Unravel was able to leverage its AI and automated recommendations engine to clean up hundreds of Hive tables, greatly enhancing performance. A feature that the company found particularly useful is the ability to generate custom failure reports using Unravel’s flexible API. In addition to custom reports, Unravel is able to deliver timely notifications through e-mail, serviceNOW, and PagerDuty.
Happy with the level of control Unravel was able to provide for Hive, the customer deployed Unravel for all other components – Spark, MapReduce, HBase, YARN and Kafka and made it a standard tool for DataOps management across the organization. Upon deploying Unravel, the team was presented with an end-to-end dashboard of insights and recommendations across the entire stack (Kafka, Spark, Hive/Tez, HBase) from a single interface, which allowed them to correlate thousands of pages of logs automatically. Previously, the team performed this analysis manually, with unmanaged spreadsheet tracking tools.

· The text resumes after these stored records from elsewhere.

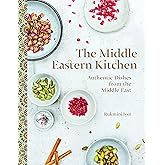 The Middle Eastern Kitchen Cookbook: 100 Authentic Dishes from the Middle East (Love Food)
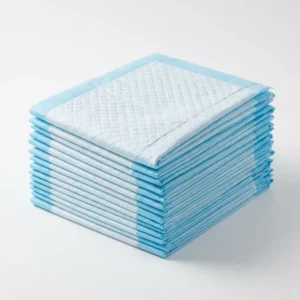 Disposable Medical Underpad Ultra Absorbent Incontinence Bed Pads 60x90cm Shelf Life for Hospital and Home Care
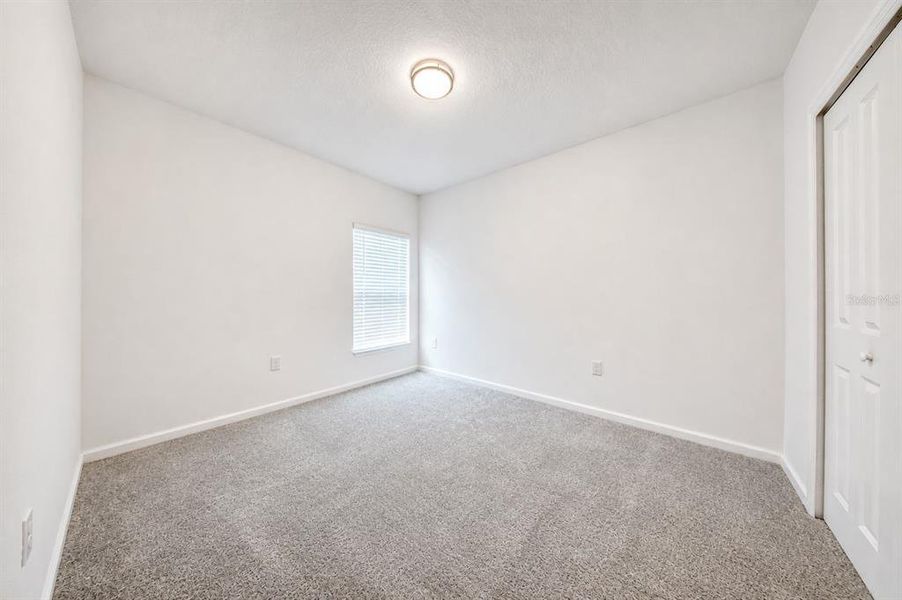Spacious, unfurnished interior of a new home in Lawson Dunes, Haines City (Image 9). Spacious, unfurnished interior of a new home in Lawson Dunes, Haines City (Image 9).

In addition to performance management, the organization was looking for an elegant means to isolate users who were consistently wasteful with the compute resources on the Hadoop clusters. Such reporting is difficult to put together, and requires cluster telemetry to not only be collected across multiple components, but also correlated to a specific job and user. Using Unravel’s chargeback feature, the customer was able to report not only the worst offenders who were over-utilizing resources, but the specific cost ramifications of inefficient Hive and Spark jobs. It’s a feature that enabled the company to recoup any procurement costs in a matter of months.
Scalable modern data applications on the cloud are critical to the success of retail organizations. Using Unravel’s AI-driven DataOps platform, a top retail organization was able to confidently optimize its supply chain. By providing full visibility of their applications and operations, Unravel helped the retail organization to ensure their modern data apps are effectively architected and operational. This enabled the customer to minimize excess inventory and deliver high demand goods on time (such as water, bread, milk, eggs) and maintain long term growth.